Not everyone is convinced that Kodak's move will have much impact on the broad market. Ron Glaz, an analyst with market researcher IDC in Framingham, Mass., says Kodak will be successful in the niche of "people who want to print a lot of photos," because the company's name is associated with photography, but it is only in that segment that it will "put a lot of pressure on H-P and Epson."

Karl Schwenkmeyer, vice president of marketing, inkjet systems at H-P, predicts that consumers will stay with H-P. While ink price is an issue, he says, other factors such as ease of use and speed of printing are also important to buyers. He says that H-P's market share grew to 47% in last year's third quarter and that its ability to continue to spend more than $1 billion a year on printer research and development is resulting in continuous improvement in inkjet printers. He says that while photo printing is an important segment of the market, close to 90% of pages printed are other types of documents.

Lexmark declined to comment.

Kodak's Mr. Faraci says that while the company expects photo printing to be a key motivator for people to buy its printers, it designed the devices for general-purpose home and small-office printing. The devices can print and copy up to 32 pages a minute in black and white and 22 in color, and the high-end model includes a fax machine. He says Kodak's core market is families where both parents and children are using computers. Kodak says its research shows that over 70% of all families restrict their children's printing because of the cost of ink.

Mr. Faraci says that 10 years ago most consumers didn't think about the cost of ink, and looked primarily at the cost of a printer when purchasing. But today, Kodak's research shows that lower-price print cartridges are the single most cited feature that consumers are looking for.

"If we're wildly successful, we might get 1% of the market over the course of the year," Mr. Faraci predicts. He says his goal is to have Kodak printers producing 10% of the inkjet pages printed in 2010.

Kodak expects to start selling the new printers in March through electronics retail chain Best Buy Co., in an exclusive retailing deal that lasts three months.

Success of the inkjet printers is crucial to Kodak's future as film photography fades away. Kodak has undertaken a wrenching restructuring over the past three years, taking billions of dollars in losses and laying off nearly 30,000 people as it cut costs in the face of plunging revenue from film and photo-finishing. Its digital cameras are among the top three best sellers in the U.S., but they are consumer-electronics items with low profit margins and tough competition.

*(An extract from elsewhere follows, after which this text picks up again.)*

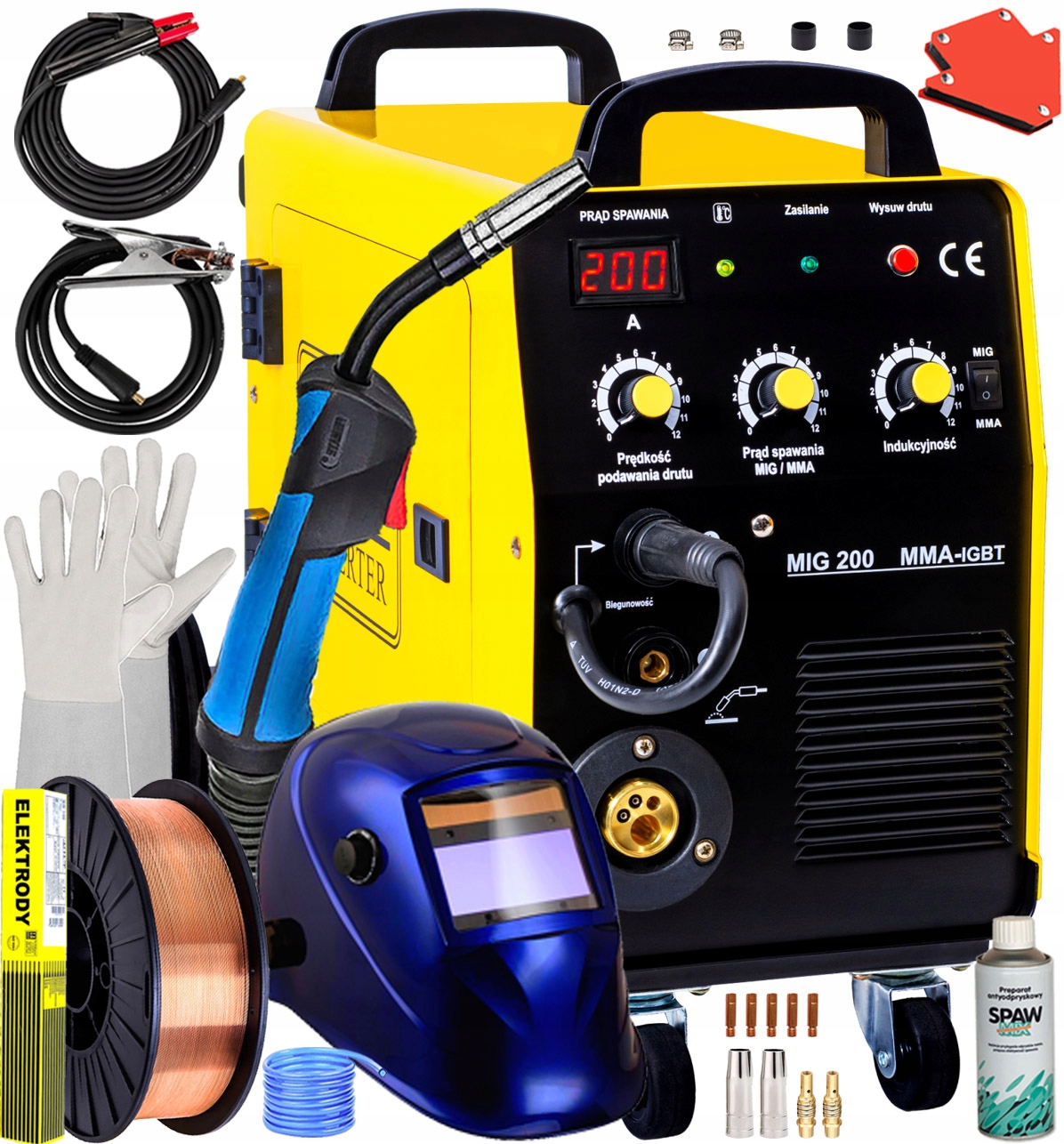 Svařovací Stroj Migomat Magnum Mig 200 Mma Kn Igbt Tig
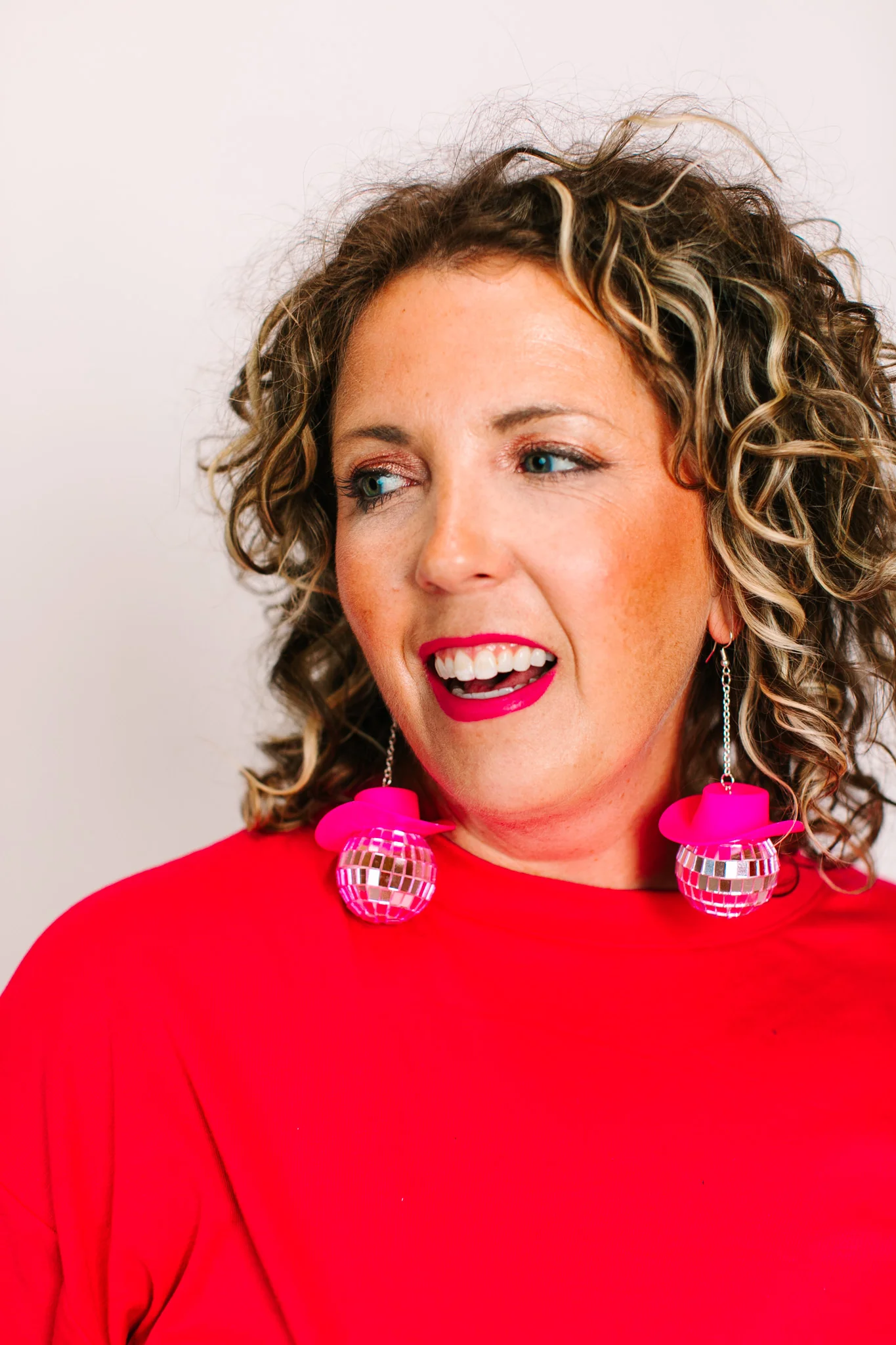 Pink Cowboy Disco Earrings - Image 5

Kodak Chief Executive Antonio Perez, who headed H-P's inkjet-printer business as an executive there in the 1990s, proclaimed two years ago that Kodak would enter the inkjet market, the main medium for consumer printing of digital photos. If the inkjet printers prove popular, they could provide the kind of high-margin, recurring revenue that film used to give Kodak.

Kodak's printers incorporate innovative nanotechnology in the ink and print heads, squirting droplets that are only a few atoms in size from tiny nozzles. One benefit to Kodak of having such small nozzles on the print heads is that consumers may be reluctant to refill the cartridges with ink from other providers, for fear of clogging the holes.

Unlike most rivals, Kodak uses pigments rather than dyes in its ink, which makes prints more resistant to fading. Kodak was able to hold down the cost of its cartridges by keeping all of the electronics in the printer, unlike rivals who include some electronics in the cartridges.